Esta ciudad extendió los brazos y se soltó a llorar para no dejarme ir. El vuelo 420 mostraba su estatus en las pantallas con un rojo intermitente: Demorado. De sopetón, la tormenta tropical número quince de la temporada me obligó a quedarme un día más.

La respuesta de la aerolínea fue aplazar mi viaje para el día siguiente, con la cortesía de ofrecerme una noche de hotel, en una cadena cercana, y un pequeño estuche con lo esencial para sobrevivir hasta el día siguiente. Una cama king size no suena nada mal después de viajar desde la costa oaxaqueña hasta la capital. El kit de viajero obsequiado consistía en una playera XL (de mujer, porque se terminaron las de hombre), rastrillo, crema para rasurar, cepillo y pasta de dientes, y unos calcetines con un patrón de aviones azul y blanco, aunque todo esto tuvo el mismo efecto en mí que el aguinaldo que recibes después de las posadas con las tías solteronas: mera consolación.

Salí del aeropuerto resignado y con sed. Presioné pausa en mi celular y me quité los audífonos, mientras le pedía a un tal Jorge, que maneja un auto blanco, que viniera por mí. Llegó en diecinueve minutos exactos.

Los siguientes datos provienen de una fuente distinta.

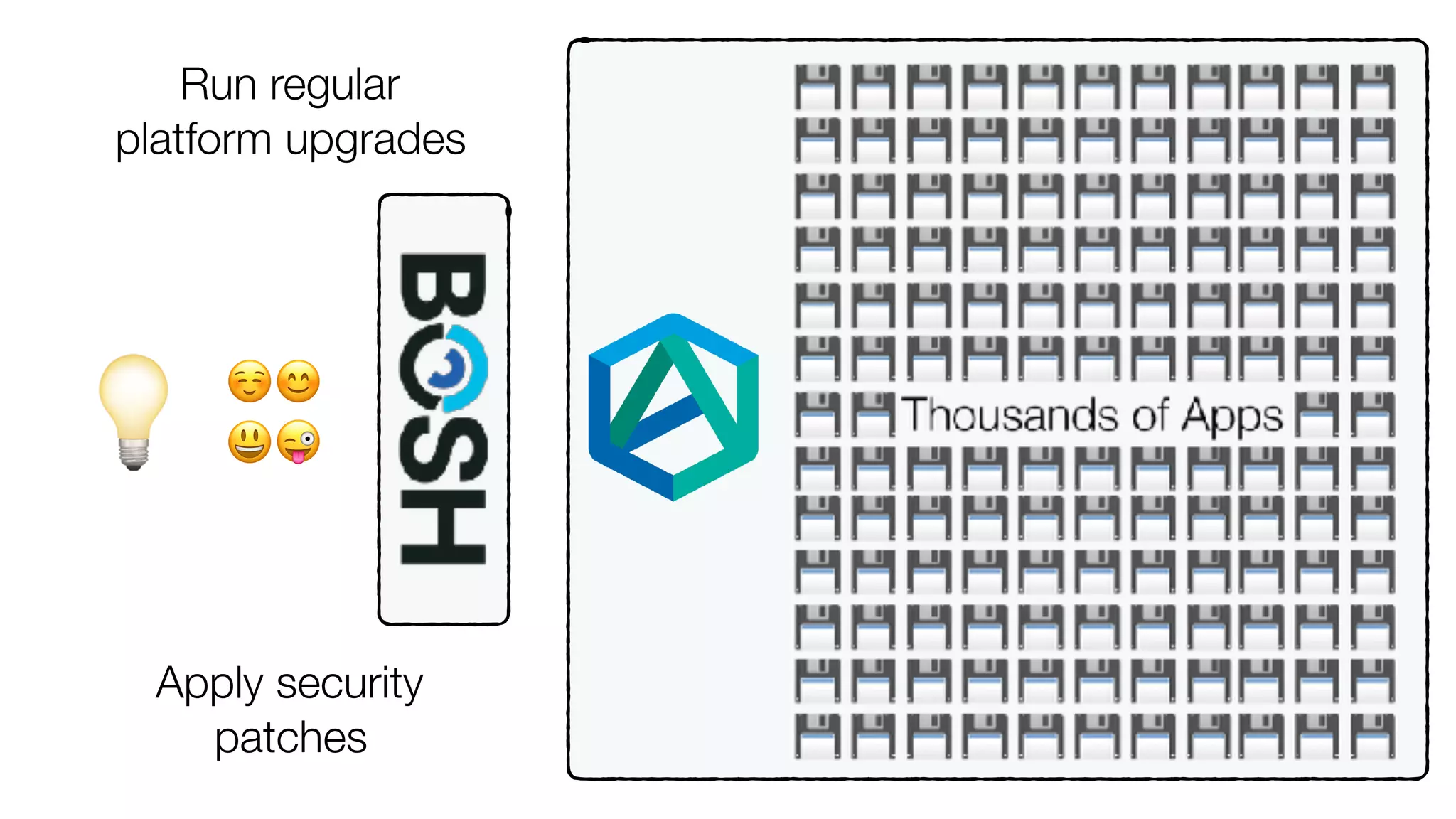 ☺😊 
😃😜
Run regular
platform upgrades
Apply security
patches
💡
 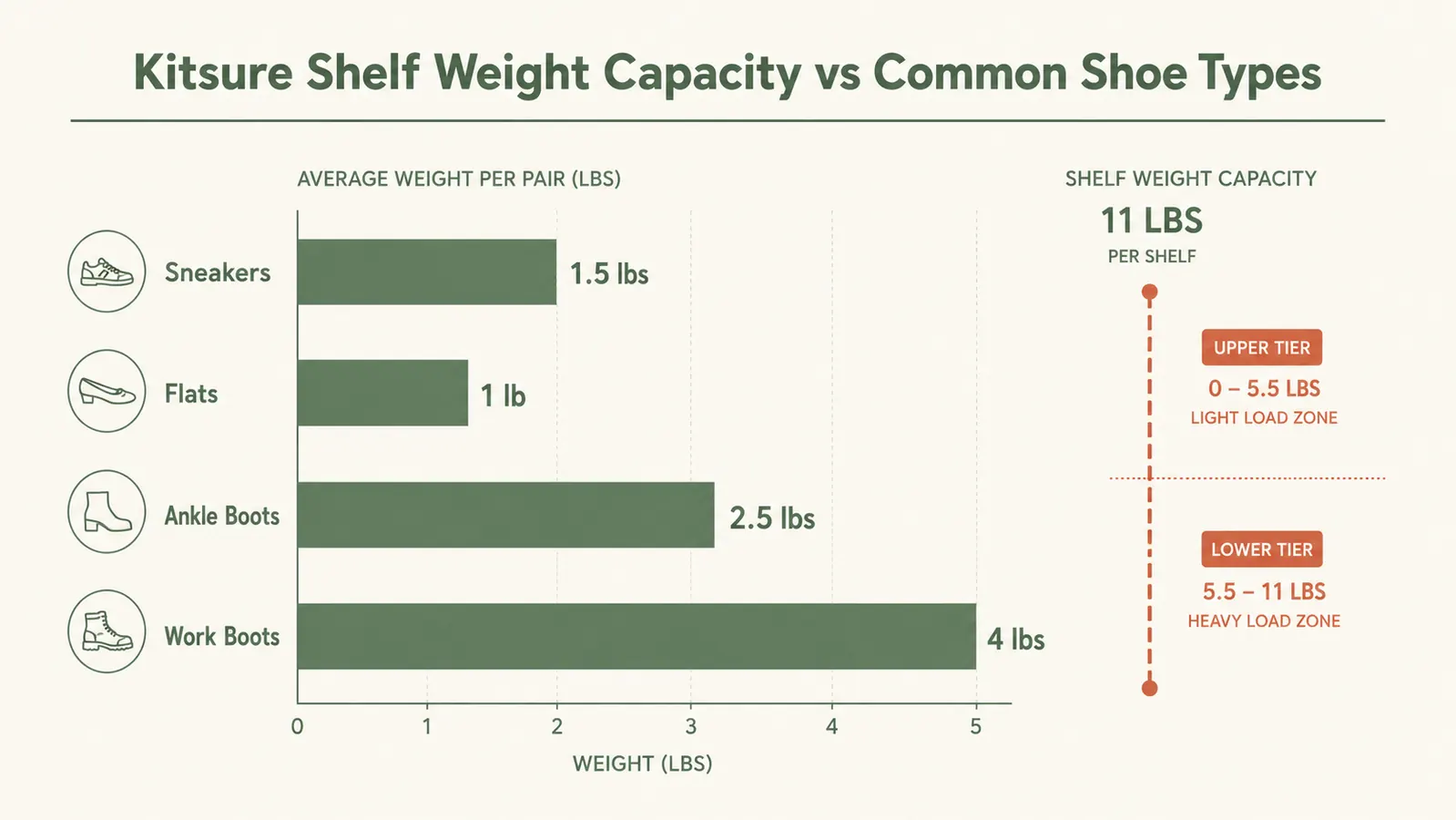 Chart comparing Kitsure shoe rack weight capacity by tier and shoe type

El chofer de Uber respondía al apodo de “el Gavilán”, de acuerdo a la calcomanía en el tablero, aunque con el detalle que era “solo pa’ los cuates”. Manejaba con música italiana de fondo, mientras tarareaba como si la conociera de memoria. Él se consideraba extranjero por el simple hecho de haber nacido en Ciudad Satélite.

Contrario a cualquier otro de los taxistas capitalinos, el Gavilán no escogió la ruta que mejor dominaba y por la que se se puede estar hasta dos horas en el tráfico; por el contrario, siguió la ruta óptima que mostraba la pantalla del tablero. Cada vez más delegamos las decisiones del día a día a la tecnología y dependemos menos de nuestro ingenio.

En el camino hice el recuento de todas las personas que conocía en la ciudad. Mi única amiga de tiempos de la carrera con la que todavía tengo contacto se convirtió en chilanga por pura indiferencia. Ella, como yo, un día perdió un vuelo para regresar a su natal Mérida gracias a una manifestación. Sin embargo, ella lo tomó como una señal de cambio y decidió no volver. Aunque nunca fuimos tan cercanos, mantenemos una comunicación constante mediante likes en nuestras publicaciones.

En estos tiempos el like se ha convertido en un forma de recordarle a amigos y conocidos que seguimos vivos, pero sobretodo, que reconocemos su existencia y que estamos al tanto de sus más recientes y vanas actividades. Por medio de las redes sociales supe que había terminado hace poco una relación por el simple cambio abrupto de su foto de perfil.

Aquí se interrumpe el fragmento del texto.